--- INSTRUCTIONS TO FOLLOW ---
Set down exactly the lines in the records below that run from the line with "Kid Toy One-key" to the line with "PASSION - ECO", inclusive, and nothing more.

┌─ DATASET ENTRIES

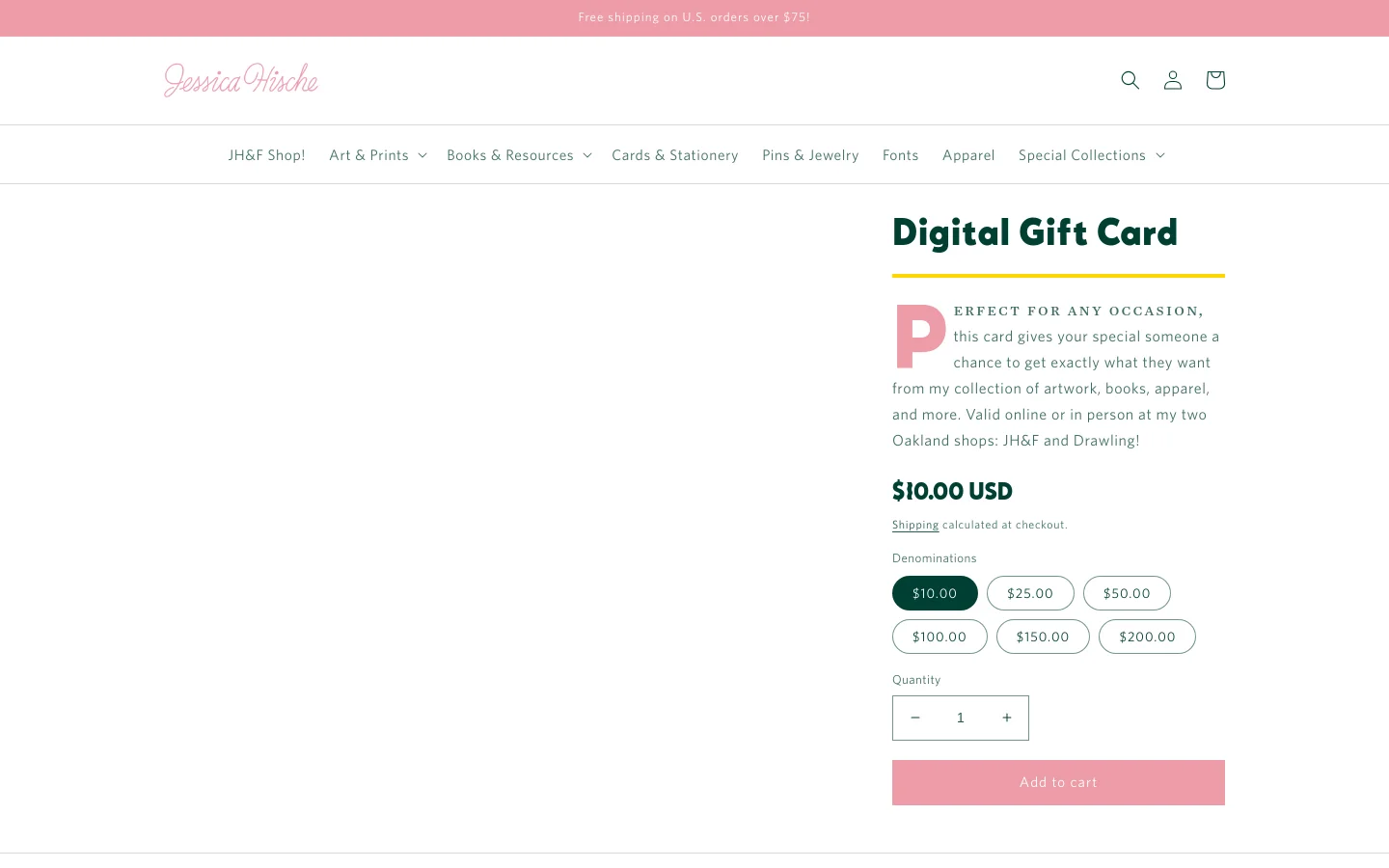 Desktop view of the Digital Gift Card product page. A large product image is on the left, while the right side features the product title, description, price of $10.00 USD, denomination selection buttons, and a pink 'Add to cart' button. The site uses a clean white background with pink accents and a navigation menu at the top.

└─
┌─ DATASET ENTRIES

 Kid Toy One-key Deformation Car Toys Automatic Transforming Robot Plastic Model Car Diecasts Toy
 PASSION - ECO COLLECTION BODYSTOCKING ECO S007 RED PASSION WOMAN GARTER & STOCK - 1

└─

--- RESPONSE TO THE TASK ---
 Kid Toy One-key Deformation Car Toys Automatic Transforming Robot Plastic Model Car Diecasts Toy
 PASSION - ECO COLLECTION BODYSTOCKING ECO S007 RED PASSION WOMAN GARTER & STOCK - 1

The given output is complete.